How Switching Tasks Maximizes Creative Thinking
Published January 9, 2013 by Christian Jarrett
You've been hunched for hours at your desk working on the same creative problem, and now your efforts are generating diminishing returns. Like a spinning wheel digging itself deeper into a rut, you just don't seem to be able to make a breakthrough. Folk wisdom tells us to "sleep on it" – that after a break we'll return to the challenge refreshed and with a new perspective. Psychological research backs this up.

At the Nijmegen Unconscious lab in The Netherlands, Ap Dijksterhuis and his colleagues have shown that participants who are distracted for a while from a main creative challenge end up generating better ideas, and more of them, than others who just work straight through.

Dijksterhuis's theory is that the period of "incubation" allows your creative unconscious to get working.

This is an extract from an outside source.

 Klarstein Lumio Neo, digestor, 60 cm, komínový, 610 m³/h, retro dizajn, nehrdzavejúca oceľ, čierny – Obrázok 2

Unconstrained by convention and deliberation, your unconscious makes novel links between concepts that you would have missed if you'd stayed focused on the task.

An obvious question for creatives is how best to help your unconscious work its magic. What should you do when you're taking a short incubation break from your main project? Rather than twiddling your thumbs or taking a nap, it makes sense to get on with some other task. But should you work on a similar type of problem or aim for something radically different?

Your unconscious makes novel links between concepts that you would have missed if you'd stayed focused on the task.

A team of British psychologists led by Ken Gilhooly has looked into this question and they say it's best to work in the incubation period on a different kind of mental activity. The researchers gave over a hundred volunteers one of two main challenges. One was verbal in nature and involved spending five minutes coming up with as many new uses as possible for a brick (akin to brainstorming session in the office). The other was a spatial task, equivalent to a design-based project at work, and this involved arranging five simple shapes into recognizable objects - for example: a triangle, letter C and rectangle formed in such a way to resemble an ice cream cone.

After the time was up, the participants switched tasks for a five minute incubation. Half stayed on the same kind of mental activity – if they'd been brainstorming the brick uses, now they solved anagrams (both are verbal tasks); if they'd been arranging shapes now they completed a mental rotation exercise, judging whether one shape was the same as another but in a different position (both are spatial tasks). The other half of the participants switched mental activities – brainstormers now did mental rotation (switching from verbal to spatial); shape sorters now did anagrams (spatial to verbal).

Once the incubation period was over, the participants returned to their main challenge for an additional five minutes and the key test was whether they'd outperform a control group who'd just worked on either the brick task or the shape task for ten minutes straight through.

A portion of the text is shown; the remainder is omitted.